4. Pero en la oscuridad de la cruz rompe la luz de la esperanza. “Mirad, mi siervo tendrá éxito, subirá y crecerá mucho” (Is 52,13). El Siervo de Dios, aceptando su papel de víctima expiatoria, trae la salvación y la justificación de muchos. Porque en la cruz, “Dios estaba reconciliando consigo al mundo” (2 Cor 5, 19). La cruz, a la vez, que descubre la gravedad del pecado, nos manifiesta la grandeza del amor de Dios y la grandeza del ser humano para Dios: Él mismo quiere librarnos de cualquier pecado y de la muerte. Desde aquella cruz, padeciendo el castigo que no merecía, el Hijo de Dios mostró la grandeza del corazón de Dios, y su gran misericordia; y exclama: “¡Padre, perdónalos, porque no saben lo que hacen!” (Lc 23, 34).
La salvación es la liberación del hombre de sus pecados, de sus males y de sus miserias, y la reconciliación con Dios.
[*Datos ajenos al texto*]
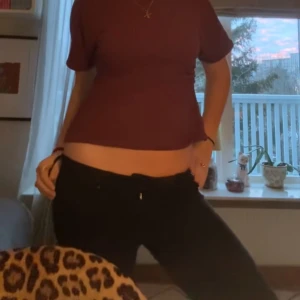 Svarta Lågmidjade jeans från Vero Moda - Svarta bootcut Lågmidjade jeans från vero Moda. Midjemått: 39cm-42cm vid stretch, innerbenslängd-75cm. Väl använda och har ett litet hål vid skrevet, därav priset.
La salvación es fruto del amor infinito y eterno de Dios. Porque sólo el amor infinito de Dios hacia los hombres pecadores es lo que salva; el amor de Dios es la única fuerza capaz de liberar, justificar, reconciliar y santificar.
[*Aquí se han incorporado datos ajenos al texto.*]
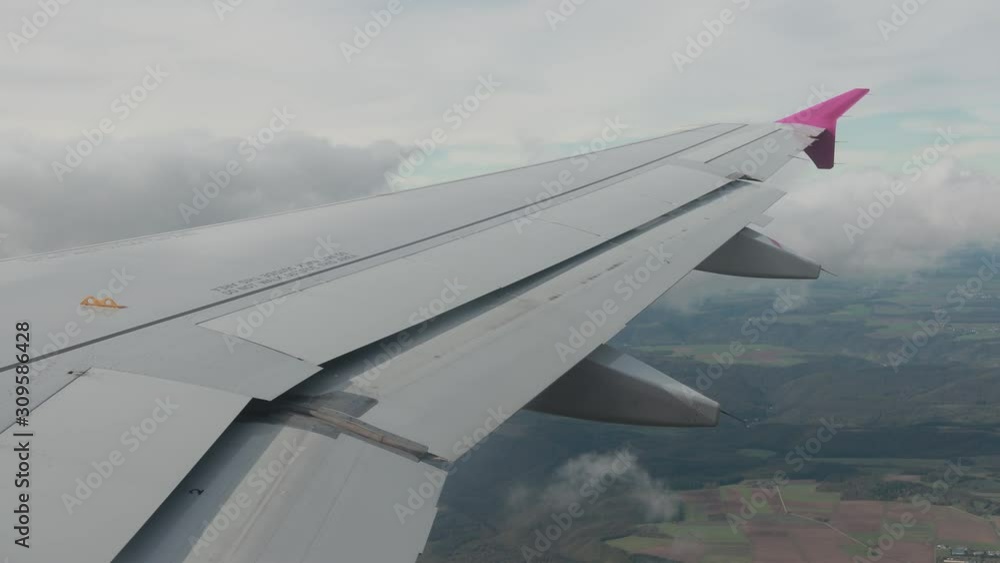 Awesome view from airplane window on fields, woods, green ground. Up in the sky there are white beautiful clouds near plane wing. Part of wing is moving, changing. Awesome view from airplane window on fields, woods, green ground. Up in the sky there are white beautiful clouds near plane wing. Part of wing is moving, changing.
Pero el amor de Dios requiere ser acogido; el amor del Amante espera de la respuesta del amado, para entregarse y darse totalmente a sí mismo con todo cuanto tiene. Sin esa respuesta, no se produce, la obra del amor. Por eso, para vivir con esperanza y como hombres nuevos, es necesario mirar, contemplar y acoger en nuestro corazón a Jesús en la cruz; seguirle en aquellas horas amargas, que son las más decisivas de la historia de la humanidad. Ha llegado su hora, la hora de la verdad. Y las últimas palabras que Jesús dice y nos deja en la Cruz son expresión de su última y única voluntad, la que siempre tuvo y animó su existencia terrena: hacer lo que Dios quiere, hacer la voluntad de Dios Padre. Esto es, amar hasta el extremo de morir en la cruz para rescatar a los hombres de los poderes del pecado y de la muerte. Mirémoslo ahí, clavado y suspendido del leño; mirémoslo como cordero degollado; mirémoslo ensangrentado y exangüe. Y todo ello por nosotros, por todos. ¿Hay acaso un amor más grande?
5. Contemplemos y adoremos con fe la cruz de Cristo. Miremos al que atravesaron, y al que atravesamos. Miremos a Cristo: contemplemos su sufrimiento causado por el pecado, por la crueldad e injusticia humana. Contemplemos en la Cruz a los que hoy están crucificados, a todas la victimas de la maldad humana, a los que sufren y tienen que cargar con su cruz. Miremos el pecado del mundo, reconozcamos nuestros propios pecados, con los que Cristo tiene hoy que cargar.
Contemplemos y adoremos la Cruz: Es la manifestación del amor misericordioso de Dios, la expresión del amor más grande, que da su vida para librarnos de muerte. Si abrimos nuestro corazón a la Cruz, sinceramente convertidos y con verdadera fe, el amor de Dios nos alcanzará. El Espíritu de Dios derramará en nosotros su amor y podremos alcanzar la salvación de Dios.
Al pie de la cruz la Virgen María, unida a su Hijo, pudo compartir de modo singular la profundidad de su dolor y de su amor. Nadie mejor que ella nos puede enseñar a amar la Cruz. A ella encomendamos en especial a los que avergüenzan de la Cruz y de su condición de cristianos, a los quieren silenciarla y apartarla de nuestra vista, a los pecadores y a los que sufren a causa del pecado, del egoísmo, de la injusticia o de la violencia humana. A ella encomendados a los enfermos y a los cristianos perseguidos a causa de su fe en la Cruz. Porque, los cristianos “no podemos gloriarnos sino en la Cruz de Cristo”. ¡Salve, Oh Cruz bendita, nuestra única esperanza! Amén.